Omniglot News (30/01/2022)

Here are details of the latest developments on Omniglot websites and blogs.

There are four new language pages on Omniglot this week, which are:

  • Agutaynen, a Philippine language spoken in the Province of Palawan in the Mimaropa region in the east of the Philippines.
  • Jarud (ᠵᠠᠷᠤᠳ), a variety of Mongolian spoken in Jarud Banner in the east of Inner Mongolia in northern China.
  • Komering (Cawa Komering), a Lampungic language spoken in the Indonesian provinces of Lampung and South Sumatra in the south of Sumatra island.
  • Kaitag (хайдакьан гъай), a Northeast Caucasian language spoken in Dagestan in the south of the Russian Federation.

There’s a new constructed script: Jyutcitzi (粵切字), which is a way to write Cantonese using combinations of Chinese characters to represent sounds phonetically which was devised by the Cantonese Script Reform Society.
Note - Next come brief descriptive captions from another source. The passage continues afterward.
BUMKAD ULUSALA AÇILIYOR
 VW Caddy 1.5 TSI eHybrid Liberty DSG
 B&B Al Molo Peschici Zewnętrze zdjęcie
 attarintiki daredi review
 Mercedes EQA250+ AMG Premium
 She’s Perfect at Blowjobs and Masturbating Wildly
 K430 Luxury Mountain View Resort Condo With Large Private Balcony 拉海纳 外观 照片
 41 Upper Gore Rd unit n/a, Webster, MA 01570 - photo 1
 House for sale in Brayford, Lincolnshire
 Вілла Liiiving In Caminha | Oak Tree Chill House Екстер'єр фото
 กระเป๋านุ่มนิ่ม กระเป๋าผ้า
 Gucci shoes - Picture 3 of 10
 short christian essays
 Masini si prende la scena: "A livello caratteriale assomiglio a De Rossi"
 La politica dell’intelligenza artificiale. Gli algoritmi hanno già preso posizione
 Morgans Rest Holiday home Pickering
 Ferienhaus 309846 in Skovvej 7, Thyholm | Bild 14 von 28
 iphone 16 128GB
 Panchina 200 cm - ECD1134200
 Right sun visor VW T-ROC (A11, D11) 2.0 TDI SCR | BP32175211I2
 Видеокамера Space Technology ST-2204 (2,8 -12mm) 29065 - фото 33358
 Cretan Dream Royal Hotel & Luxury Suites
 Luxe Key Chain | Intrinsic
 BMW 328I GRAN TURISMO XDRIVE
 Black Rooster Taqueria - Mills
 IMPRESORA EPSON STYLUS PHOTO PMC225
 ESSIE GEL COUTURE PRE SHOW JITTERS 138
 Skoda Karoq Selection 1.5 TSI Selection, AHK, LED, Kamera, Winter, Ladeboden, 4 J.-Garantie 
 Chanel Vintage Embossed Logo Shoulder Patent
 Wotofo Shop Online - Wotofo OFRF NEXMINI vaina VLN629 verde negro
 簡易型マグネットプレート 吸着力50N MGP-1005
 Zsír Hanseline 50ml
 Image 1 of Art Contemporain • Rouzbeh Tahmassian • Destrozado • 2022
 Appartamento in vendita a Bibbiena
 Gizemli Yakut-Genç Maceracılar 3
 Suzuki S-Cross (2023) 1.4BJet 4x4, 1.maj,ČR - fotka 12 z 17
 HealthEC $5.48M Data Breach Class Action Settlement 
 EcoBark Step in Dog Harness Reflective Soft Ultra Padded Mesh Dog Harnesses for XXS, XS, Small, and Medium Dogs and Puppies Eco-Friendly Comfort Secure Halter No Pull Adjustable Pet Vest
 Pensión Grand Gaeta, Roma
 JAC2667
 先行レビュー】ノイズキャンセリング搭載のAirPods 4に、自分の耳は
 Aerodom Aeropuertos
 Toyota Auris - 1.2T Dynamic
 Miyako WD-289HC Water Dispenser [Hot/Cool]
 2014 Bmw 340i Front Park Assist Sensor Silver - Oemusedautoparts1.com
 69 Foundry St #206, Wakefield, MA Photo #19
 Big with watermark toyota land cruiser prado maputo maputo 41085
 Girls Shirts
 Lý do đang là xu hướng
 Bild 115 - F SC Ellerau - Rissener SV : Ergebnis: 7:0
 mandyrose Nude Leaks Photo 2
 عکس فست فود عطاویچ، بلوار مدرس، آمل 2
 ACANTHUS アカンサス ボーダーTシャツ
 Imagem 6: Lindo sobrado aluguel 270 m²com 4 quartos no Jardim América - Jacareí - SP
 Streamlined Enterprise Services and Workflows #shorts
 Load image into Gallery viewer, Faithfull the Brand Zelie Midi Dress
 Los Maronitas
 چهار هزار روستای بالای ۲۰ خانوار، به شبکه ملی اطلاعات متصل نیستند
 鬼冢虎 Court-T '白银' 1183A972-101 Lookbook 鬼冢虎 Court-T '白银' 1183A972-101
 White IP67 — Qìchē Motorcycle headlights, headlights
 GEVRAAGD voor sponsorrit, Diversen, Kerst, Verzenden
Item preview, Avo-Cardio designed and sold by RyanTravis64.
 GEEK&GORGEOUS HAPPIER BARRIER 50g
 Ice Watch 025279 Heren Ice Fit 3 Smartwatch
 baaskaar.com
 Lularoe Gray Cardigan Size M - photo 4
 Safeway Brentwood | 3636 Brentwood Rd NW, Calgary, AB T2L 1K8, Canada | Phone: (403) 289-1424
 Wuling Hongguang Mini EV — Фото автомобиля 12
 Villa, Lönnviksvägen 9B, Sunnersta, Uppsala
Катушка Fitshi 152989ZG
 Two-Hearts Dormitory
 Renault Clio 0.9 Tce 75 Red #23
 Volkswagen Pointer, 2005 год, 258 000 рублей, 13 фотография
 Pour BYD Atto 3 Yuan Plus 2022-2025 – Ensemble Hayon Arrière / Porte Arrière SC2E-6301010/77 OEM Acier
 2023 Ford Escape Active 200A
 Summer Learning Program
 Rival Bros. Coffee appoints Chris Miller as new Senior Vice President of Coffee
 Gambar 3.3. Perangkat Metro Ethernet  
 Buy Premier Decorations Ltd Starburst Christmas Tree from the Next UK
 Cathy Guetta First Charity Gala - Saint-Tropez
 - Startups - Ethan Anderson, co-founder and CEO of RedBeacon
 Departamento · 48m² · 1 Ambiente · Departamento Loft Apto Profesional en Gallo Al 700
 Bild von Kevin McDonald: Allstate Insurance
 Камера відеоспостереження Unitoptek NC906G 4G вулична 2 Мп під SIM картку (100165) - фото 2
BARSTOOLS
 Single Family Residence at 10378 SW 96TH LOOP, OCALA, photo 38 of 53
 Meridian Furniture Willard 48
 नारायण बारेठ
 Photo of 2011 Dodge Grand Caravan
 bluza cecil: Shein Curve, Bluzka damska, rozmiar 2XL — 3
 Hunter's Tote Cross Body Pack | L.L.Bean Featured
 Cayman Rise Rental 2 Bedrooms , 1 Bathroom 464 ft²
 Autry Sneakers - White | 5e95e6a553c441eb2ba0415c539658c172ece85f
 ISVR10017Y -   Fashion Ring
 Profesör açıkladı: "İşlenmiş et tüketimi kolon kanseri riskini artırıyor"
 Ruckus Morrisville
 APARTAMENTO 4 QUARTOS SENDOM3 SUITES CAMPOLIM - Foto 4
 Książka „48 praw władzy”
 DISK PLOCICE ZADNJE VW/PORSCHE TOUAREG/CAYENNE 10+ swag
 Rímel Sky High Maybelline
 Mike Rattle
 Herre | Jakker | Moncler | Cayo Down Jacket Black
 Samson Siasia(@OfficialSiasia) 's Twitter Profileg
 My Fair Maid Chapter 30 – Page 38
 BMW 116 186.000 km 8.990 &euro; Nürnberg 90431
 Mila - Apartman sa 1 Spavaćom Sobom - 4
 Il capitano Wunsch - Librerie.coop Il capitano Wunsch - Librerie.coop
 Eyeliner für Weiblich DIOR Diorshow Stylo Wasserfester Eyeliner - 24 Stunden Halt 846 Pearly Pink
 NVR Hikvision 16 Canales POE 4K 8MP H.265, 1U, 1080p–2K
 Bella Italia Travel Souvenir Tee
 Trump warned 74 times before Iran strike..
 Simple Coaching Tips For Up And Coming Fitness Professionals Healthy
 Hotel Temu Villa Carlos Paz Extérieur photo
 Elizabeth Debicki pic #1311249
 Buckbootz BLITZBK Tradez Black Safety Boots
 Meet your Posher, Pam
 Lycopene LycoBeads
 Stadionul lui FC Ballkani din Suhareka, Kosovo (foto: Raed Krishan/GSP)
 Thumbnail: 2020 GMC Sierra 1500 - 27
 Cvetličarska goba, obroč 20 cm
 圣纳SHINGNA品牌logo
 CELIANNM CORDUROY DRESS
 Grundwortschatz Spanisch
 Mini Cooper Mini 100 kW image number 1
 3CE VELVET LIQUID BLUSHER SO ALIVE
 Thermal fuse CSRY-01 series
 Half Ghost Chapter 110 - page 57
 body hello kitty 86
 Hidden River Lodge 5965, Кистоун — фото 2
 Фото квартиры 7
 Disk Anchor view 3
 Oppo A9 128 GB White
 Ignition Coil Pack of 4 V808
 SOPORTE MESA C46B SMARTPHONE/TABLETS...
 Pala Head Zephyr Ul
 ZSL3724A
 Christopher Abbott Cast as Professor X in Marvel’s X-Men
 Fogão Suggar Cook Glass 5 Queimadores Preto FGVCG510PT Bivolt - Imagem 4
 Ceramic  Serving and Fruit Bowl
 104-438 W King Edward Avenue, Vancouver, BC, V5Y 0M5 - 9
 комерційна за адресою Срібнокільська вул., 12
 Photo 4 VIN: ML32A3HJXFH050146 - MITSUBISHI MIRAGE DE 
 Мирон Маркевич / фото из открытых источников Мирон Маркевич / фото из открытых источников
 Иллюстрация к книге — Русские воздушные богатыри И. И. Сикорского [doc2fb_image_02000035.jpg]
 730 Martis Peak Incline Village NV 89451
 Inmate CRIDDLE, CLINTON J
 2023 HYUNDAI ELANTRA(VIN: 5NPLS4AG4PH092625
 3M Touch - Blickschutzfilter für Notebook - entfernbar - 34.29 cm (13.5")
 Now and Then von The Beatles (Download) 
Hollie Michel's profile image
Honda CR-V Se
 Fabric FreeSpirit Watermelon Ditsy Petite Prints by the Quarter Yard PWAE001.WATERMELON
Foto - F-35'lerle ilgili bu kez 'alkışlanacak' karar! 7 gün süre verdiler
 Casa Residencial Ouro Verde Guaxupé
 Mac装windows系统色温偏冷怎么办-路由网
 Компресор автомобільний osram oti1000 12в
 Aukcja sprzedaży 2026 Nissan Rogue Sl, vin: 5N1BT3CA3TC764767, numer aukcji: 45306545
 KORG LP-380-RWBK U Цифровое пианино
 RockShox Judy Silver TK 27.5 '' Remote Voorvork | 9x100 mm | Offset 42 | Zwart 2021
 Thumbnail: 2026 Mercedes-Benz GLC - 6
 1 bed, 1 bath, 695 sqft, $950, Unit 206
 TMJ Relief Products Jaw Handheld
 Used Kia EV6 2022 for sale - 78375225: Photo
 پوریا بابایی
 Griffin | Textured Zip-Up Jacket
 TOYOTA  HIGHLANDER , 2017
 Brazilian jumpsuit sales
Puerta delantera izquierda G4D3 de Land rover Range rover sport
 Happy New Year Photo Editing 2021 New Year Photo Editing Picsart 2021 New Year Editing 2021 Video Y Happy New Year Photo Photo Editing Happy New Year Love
It looks something like this:

Sample text in Jyutcitzi

There are a new numbers pages in: Chipewyan (Dënesųłıné), Sekani (Tse’khene) and Agutaynen, and there’s a new page about Cistercian Numbers, an interesting numeric system that was developed by Cisterican monks in the early 13th century.

On the Omniglot blog this week there’s a post about words from Britain in various languages called Britland, and the usual Language Quiz.

The mystery language in last week’s language quiz was Kaitag (хайдакьан гъай), a Northeast Caucasian language spoken in Dagestan in the Russian Federation.

This week’s Celtiadur post is about words for wings and related things in Celtic languages.

I also made improvements to the Celtiadur post about verbs for To See & To Be.

In the Adventure in Etymology we find connections between the word champion and words such as camp, campus, campaign and champagne.